== WHAT YOU SHOULD DO ==
Pull out every line from the line containing "Chiara Passarelli as Nina" through the end of the material, both ends included, and reproduce it exactly. Keep pictures out.

+++

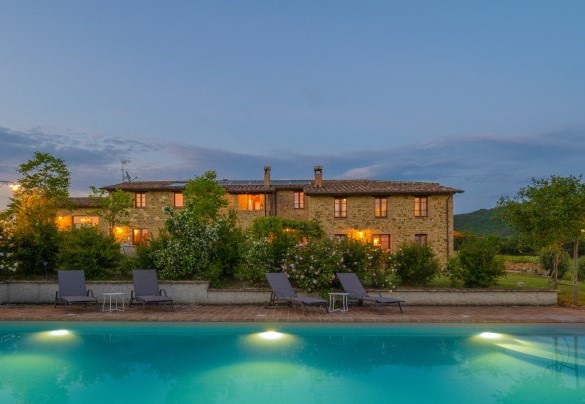 La piscina dotata di illuminazione interna - Podere Pomasciano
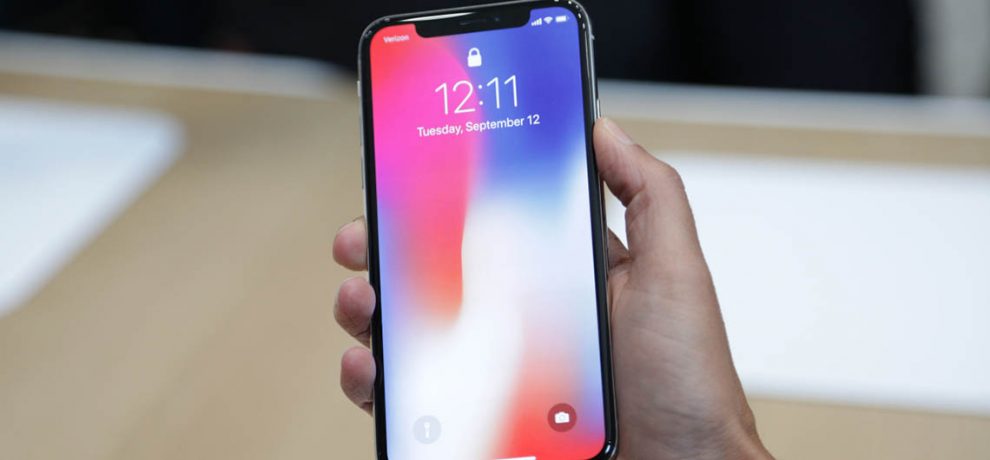 UNoticias's tweet image. ¿Y qué tal es el iPhone X? bit.ly/2j73lAp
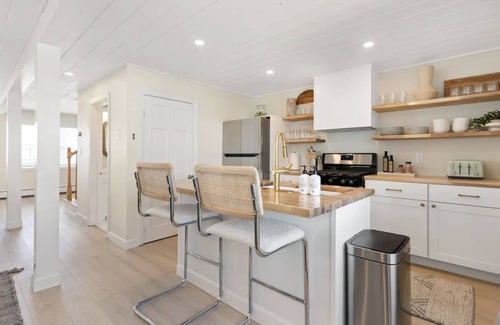 Hampton House | Plum on Anchor - Ocean & Marsh Views - Dog Friendly - Perfect Beach Getaway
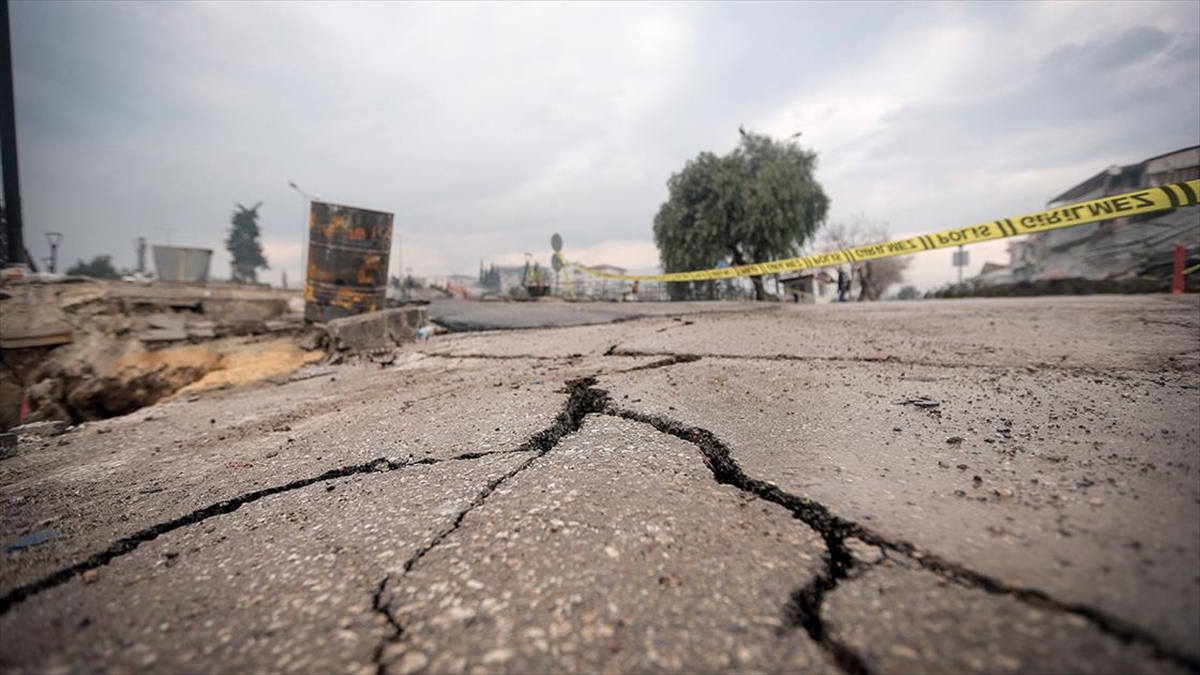 Hatay Merkezli Depremde Bazı Yol Ve Köprüler Zarar Gördü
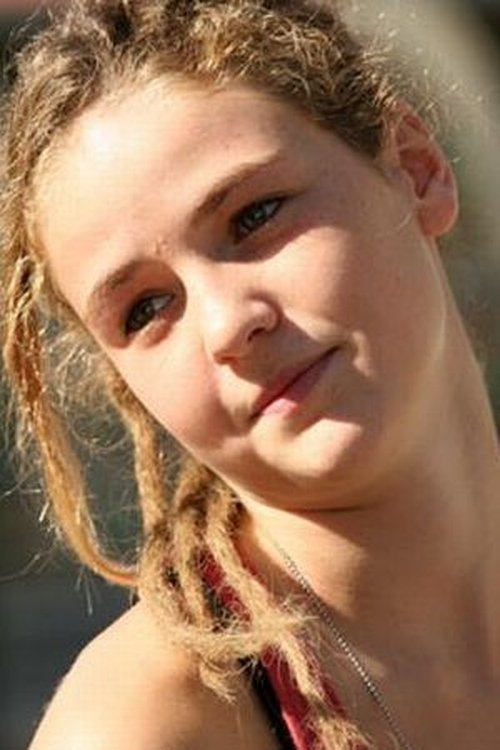 Chiara Passarelli as Nina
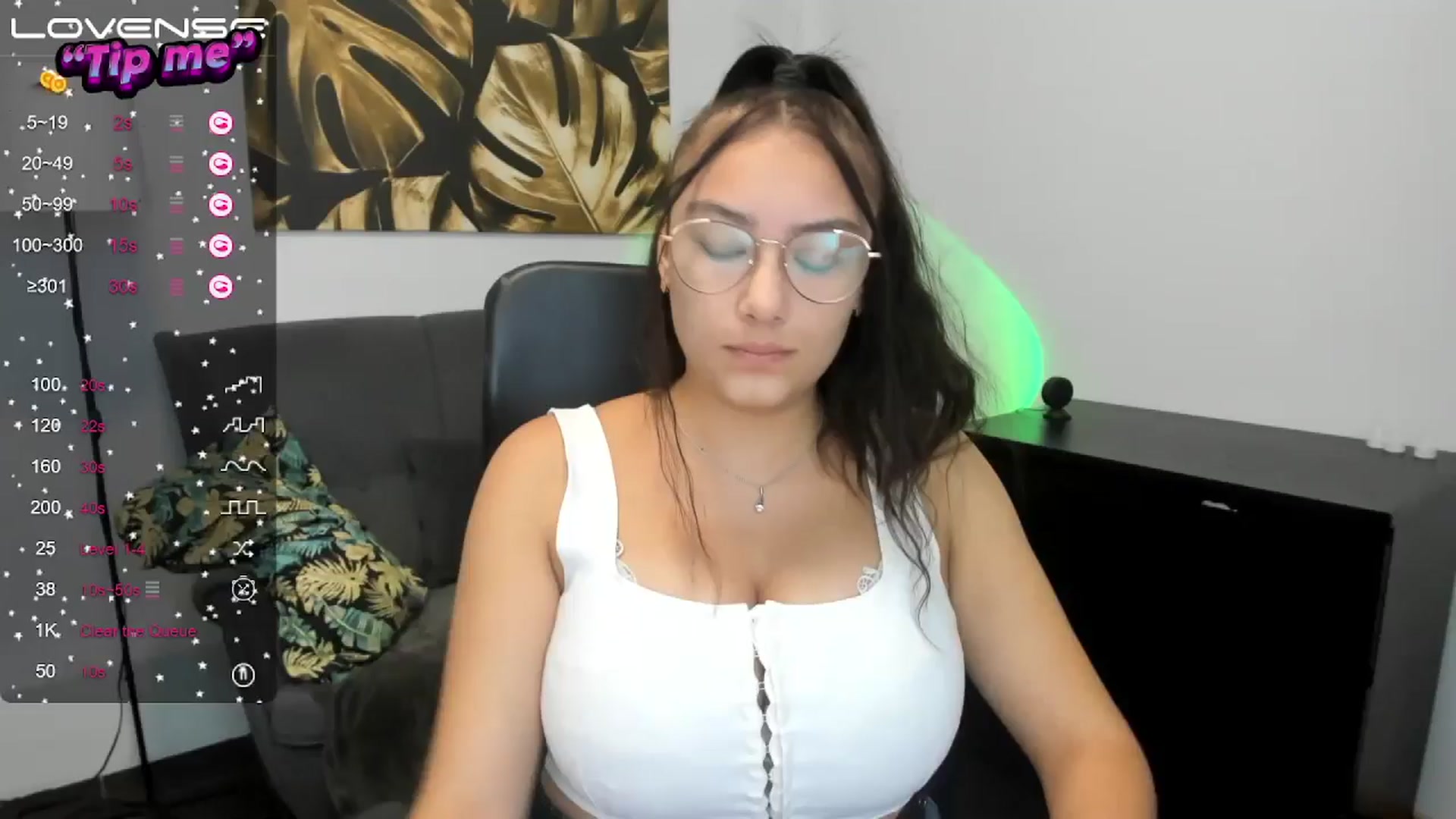 Gallery image thumbnail from SunfLowerr's myfreecams stream on, 09/28/2024, 13:25 image 3 of 20
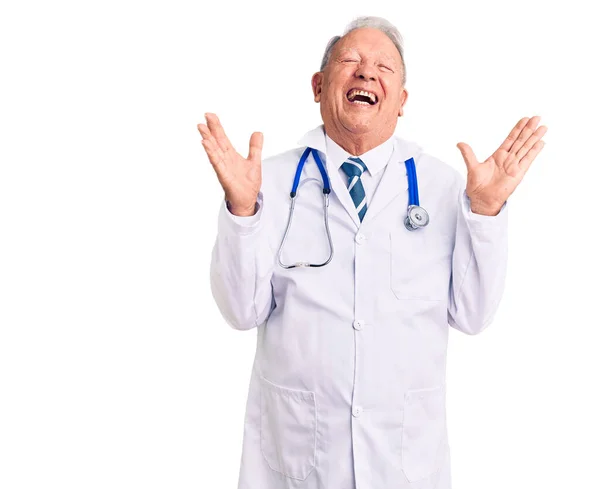 Starszy Przystojny Siwowłosy Mężczyzna Płaszczu Lekarskim Stetoskopie Świętujący Szaleństwo Sukces — Zdjęcie stockowe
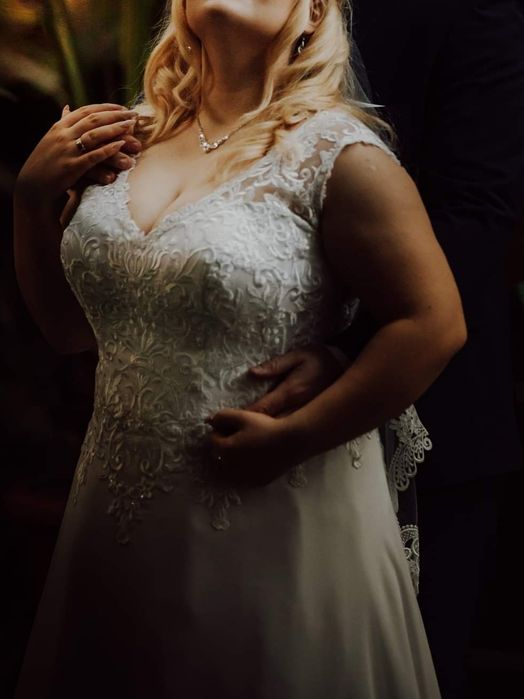 Suknia ślubna na szerokich ramiączkach gorset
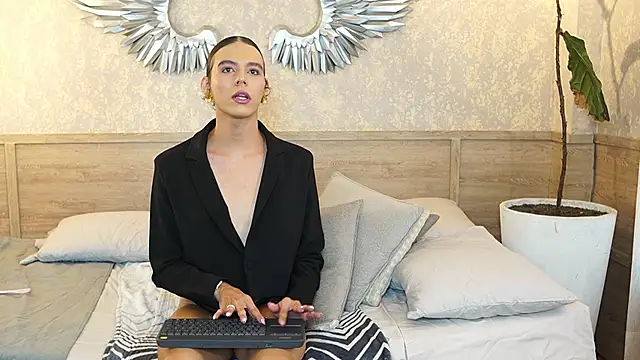 Luxa Velvet online show from 14, 3, 2026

+++

== COMPLETED TASK ==
 Chiara Passarelli as Nina
 Gallery image thumbnail from SunfLowerr's myfreecams stream on, 09/28/2024, 13:25 image 3 of 20
 Starszy Przystojny Siwowłosy Mężczyzna Płaszczu Lekarskim Stetoskopie Świętujący Szaleństwo Sukces — Zdjęcie stockowe
 Suknia ślubna na szerokich ramiączkach gorset
 Luxa Velvet online show from 14, 3, 2026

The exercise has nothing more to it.